**EXERCISE DATA:**
****

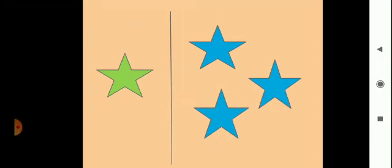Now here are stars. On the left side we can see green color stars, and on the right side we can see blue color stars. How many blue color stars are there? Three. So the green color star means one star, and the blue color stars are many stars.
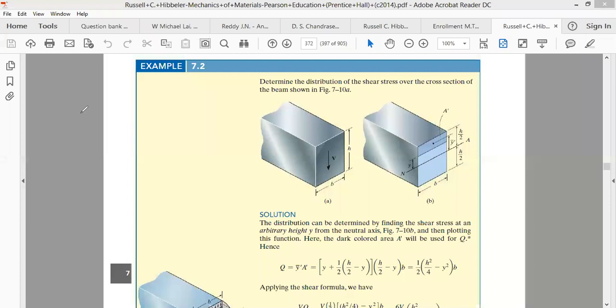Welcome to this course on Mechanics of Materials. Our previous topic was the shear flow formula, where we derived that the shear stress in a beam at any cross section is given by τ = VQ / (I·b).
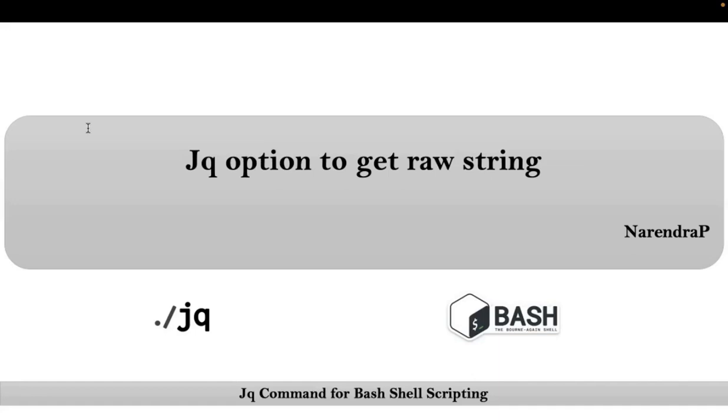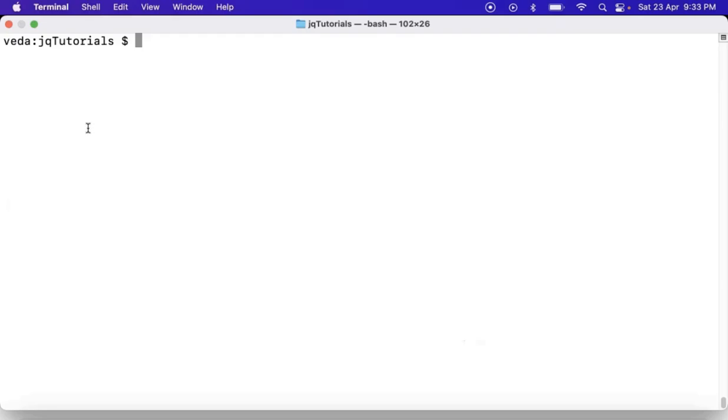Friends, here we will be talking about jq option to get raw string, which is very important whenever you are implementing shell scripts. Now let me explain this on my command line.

****

**WHAT YOU ARE ASKED TO DO:** Without the pictures, repeat the line with "Welcome to this" and every line after it to the end of the listing, and nothing else.

**TASK RESPONSE:**
Welcome to this course on Mechanics of Materials. Our previous topic was the shear flow formula, where we derived that the shear stress in a beam at any cross section is given by τ = VQ / (I·b).
Friends, here we will be talking about jq option to get raw string, which is very important whenever you are implementing shell scripts. Now let me explain this on my command line.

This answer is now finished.